Which brings us to folks who like to tell us what to do. There was a time, back when Ollie North was sending those smug e-mail messages on the PROFS system at the White House and the in thing was to call yourself a "patriot," which meant breaking rules because you felt like it, when this crypto stuff might have made some twisted sense. Then the Cold War ended, administrations changed a couple of times, and everything was supposed to get easier, except it didn't. There is a peculiar disconnect between the Clinton administration's fascination with Silicon Valley and their ultimate acceptance of the idea that censorship and the use of technology by governments to control what people can and can't know isn't good. It's the policy thing, stupid. They seem to feel that there ought to be a policy for everything when that just isn't true. National security is not helped by policies that literally created the Bulgarian crypto industry.

The cryptography export limitations are a joke anyway. IBM awoke one day several years ago and realized its executives were taking hard encryption out of the country in their laptop computers. Afraid it would incur hundreds of thousands of $10,000 fines, IBM asked for a ruling and so it became legal to take your laptop out of the country as long as you brought it back in. How do they enforce that? How do the U.S. officials keep Canadians from exporting hard encryption and why don't they trust the Mexicans given that we're in one happy free trade zone? Finally, what is it that makes us believe even Americans and Canadians can be universally trusted or that alien residents of those countries can be trusted to use DES but not take it home with them?

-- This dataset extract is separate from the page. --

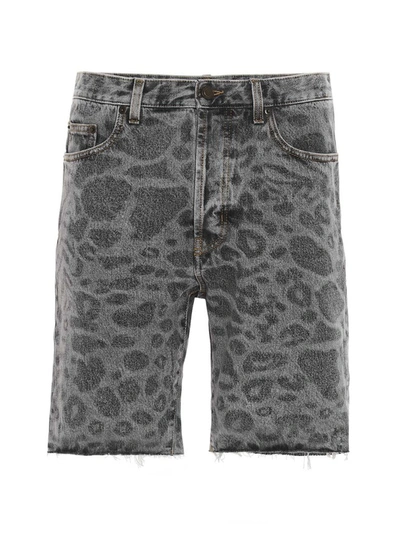 Shop Saint Laurent Leopard Print Denim Shorts In Grey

It's all a cruel joke and the EFF, tired of making the argument I just made, is trying instead to say that the game is over and we might as well just give up. If only it was that easy.

Jumping from a sad story to a happy one, from something that isn't what it seems to something that is even more than it seems, let's look at Jini, Sun Microsystems' code for bringing networking to almost anything. Jini and Java are inextricably linked, so if you don't believe in Java you won't believe in Jini. But Java is suddenly getting a lot better and that is making me a Jini believer.

The simple story here is that Jini is a group of Java classes that will let anything that runs Java talk to anything else with which it has some sort of physical or virtual connection. Think of Jini as DNA that can be injected into a Java-based anything (cellphone, computer, cable box, you name it) and suddenly give it the ability to share data and processing power with every other such device it can find on the net. This isn't going to change your stereo system into a supercomputer, but it is an important step to putting a tiny web server in everything you own. And because of the way Sun will license Jini, it's going to be everywhere very quickly and cheaply with thousands of companies working to extend its capabilities.

This is very exciting stuff. It's the real thing.